The second is the balance sheet. The balance sheet shows the financial position at a specific point in time. It can be said that it is where all of the company's performance to date is accumulated. Therefore, unlike the income statement or the cash flow statement, the balance sheet is usually prepared as of the last day of the reporting period. Most companies around the world prepare it as of December 31, but in Japan, it is typically prepared as of March 31, and there are also various other months, such as June or August, used around the world. The biggest feature of the balance sheet is that assets are recorded on the left side, and liabilities and equity are recorded on the right side. And the numbers on the left and right always have to match. This is why the balance sheet is called a "Balance Sheet".

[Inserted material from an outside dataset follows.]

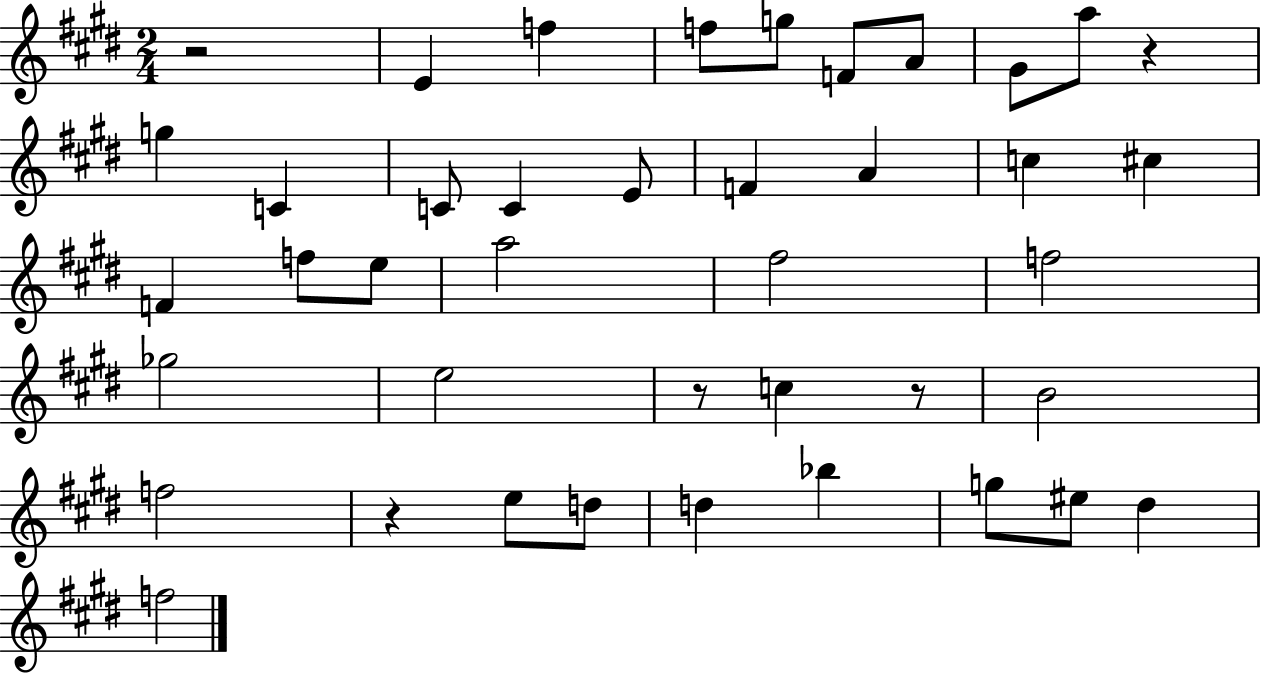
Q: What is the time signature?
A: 2/4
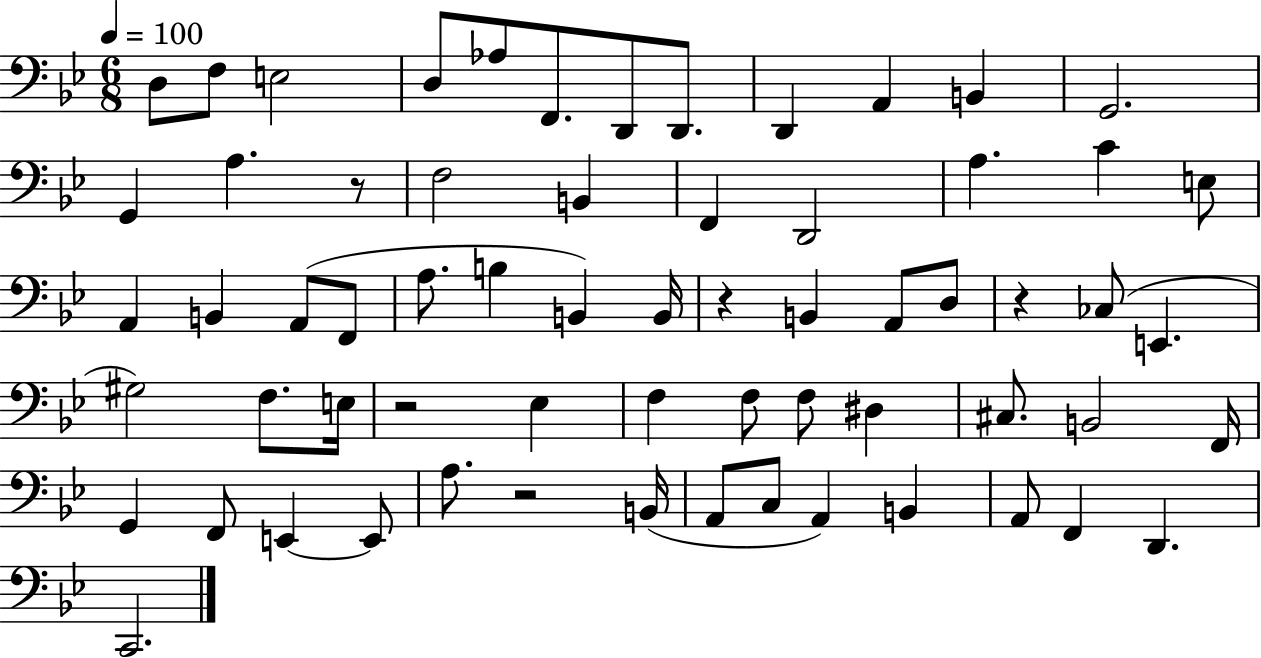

To analyze a company, both the income statement and the balance sheet are important. Imagine you're looking for a partner with identical appearance and personality, but different financial status. The first person earns $1 million a year, and the second person earns $50,000. Naturally, the first person seems more attractive. However, the first person has assets of $10,000, while the second person has accumulated assets of $10 million. So, who is more attractive? Depending on preferences, it can vary, but companies are the same. For investment decisions, both the income statement and the balance sheet must be analyzed carefully.
Finally, the cash flow statement also shows a company's performance over the course of one year, but it is based on cash flows. One additional point to note is that, while we have seen cash flow statements created like a personal budget, most cash flow statements are actually reconstructed from the results of the income statement and balance sheet. You may not understand this fully right now, but I will explain it in more detail later. The important thing is that from now on, these three financial statements always move together organically. Understanding this is where many people struggle with accounting, so let's study it carefully.